[LISTED RECORDS — start]

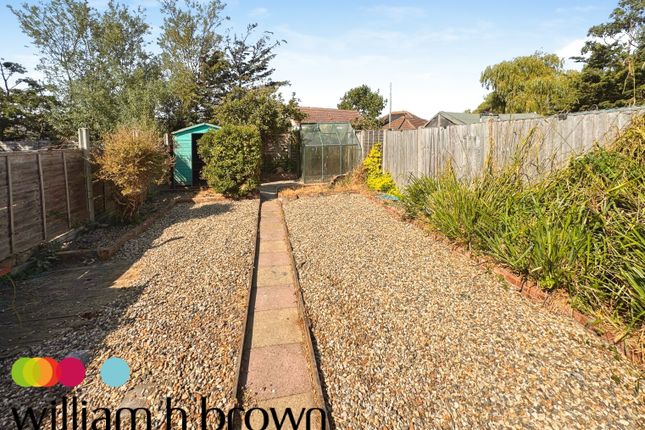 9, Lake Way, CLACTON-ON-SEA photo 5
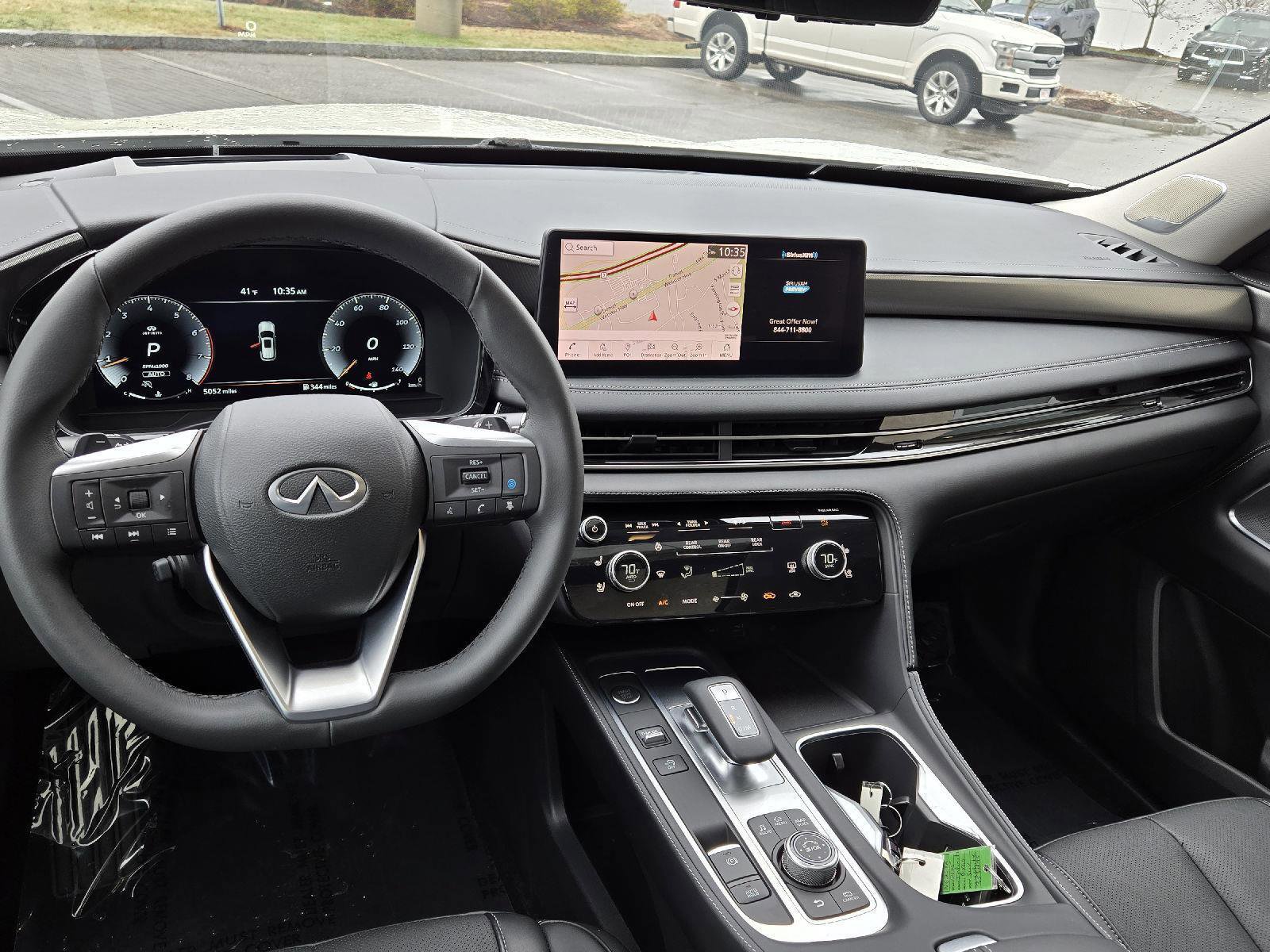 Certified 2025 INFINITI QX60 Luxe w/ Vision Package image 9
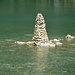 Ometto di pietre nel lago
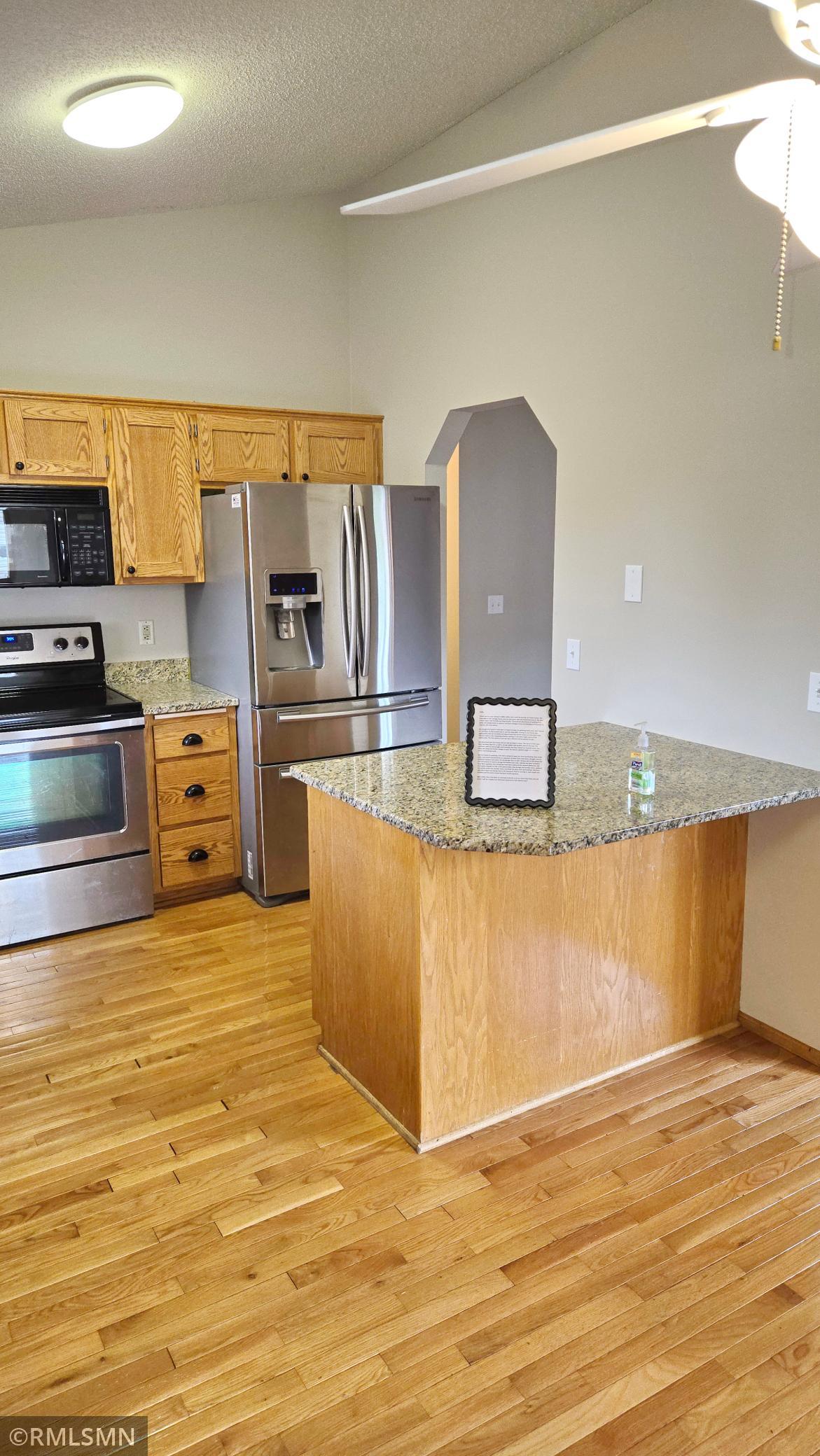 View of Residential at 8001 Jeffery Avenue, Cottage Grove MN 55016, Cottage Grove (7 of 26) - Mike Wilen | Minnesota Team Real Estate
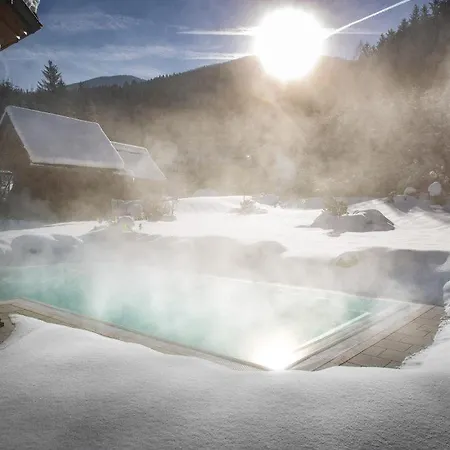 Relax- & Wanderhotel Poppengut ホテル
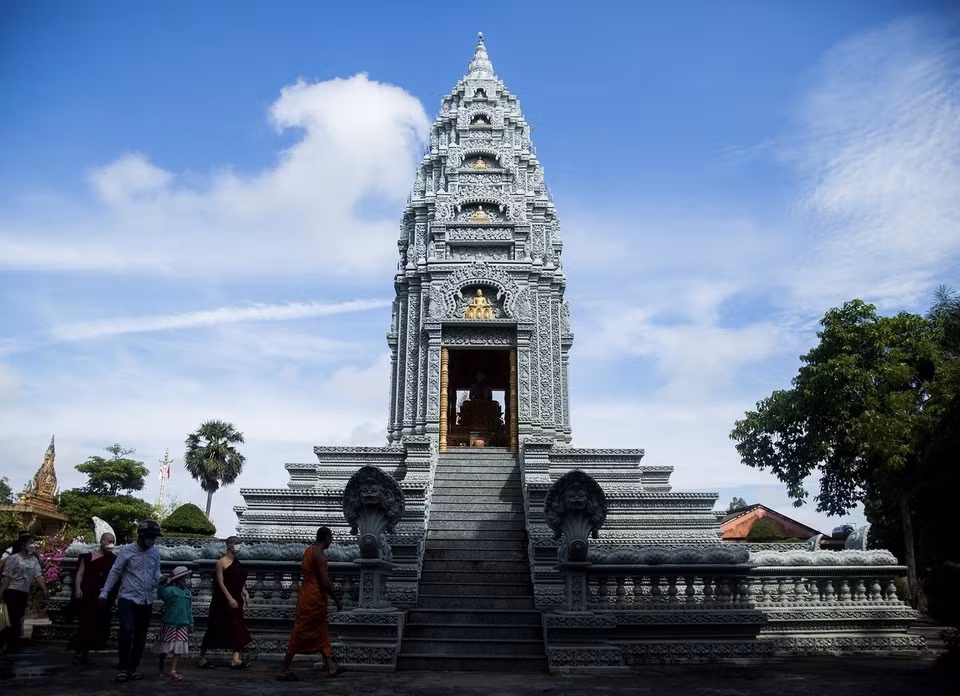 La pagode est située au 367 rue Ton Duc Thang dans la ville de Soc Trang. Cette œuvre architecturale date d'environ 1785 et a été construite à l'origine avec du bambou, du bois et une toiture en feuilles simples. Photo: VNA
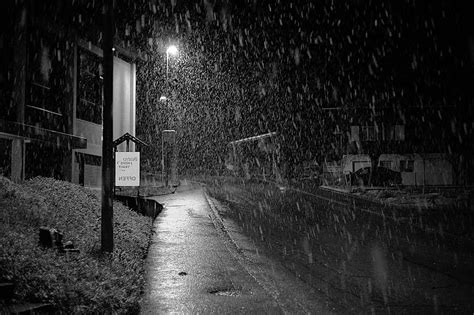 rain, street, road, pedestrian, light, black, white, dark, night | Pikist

[LISTED RECORDS — finish]
[LISTED RECORDS — start]

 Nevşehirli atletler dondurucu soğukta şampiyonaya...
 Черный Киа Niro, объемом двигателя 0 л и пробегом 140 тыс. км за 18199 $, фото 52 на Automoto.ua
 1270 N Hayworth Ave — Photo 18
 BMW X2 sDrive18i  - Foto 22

[LISTED RECORDS — finish]

## EXERCISE DESCRIPTION
Copy the lines above exactly, starting with the line that contains "9, Lake Way, CLACTON-ON-SEA photo 5" and ending with the line that contains "white, dark, night | Pikist", and leave out any pictures.

## ANSWER SPACE
 9, Lake Way, CLACTON-ON-SEA photo 5
 Certified 2025 INFINITI QX60 Luxe w/ Vision Package image 9
 Ometto di pietre nel lago
 View of Residential at 8001 Jeffery Avenue, Cottage Grove MN 55016, Cottage Grove (7 of 26) - Mike Wilen | Minnesota Team Real Estate
 Relax- & Wanderhotel Poppengut ホテル
 La pagode est située au 367 rue Ton Duc Thang dans la ville de Soc Trang. Cette œuvre architecturale date d'environ 1785 et a été construite à l'origine avec du bambou, du bois et une toiture en feuilles simples. Photo: VNA
 rain, street, road, pedestrian, light, black, white, dark, night | Pikist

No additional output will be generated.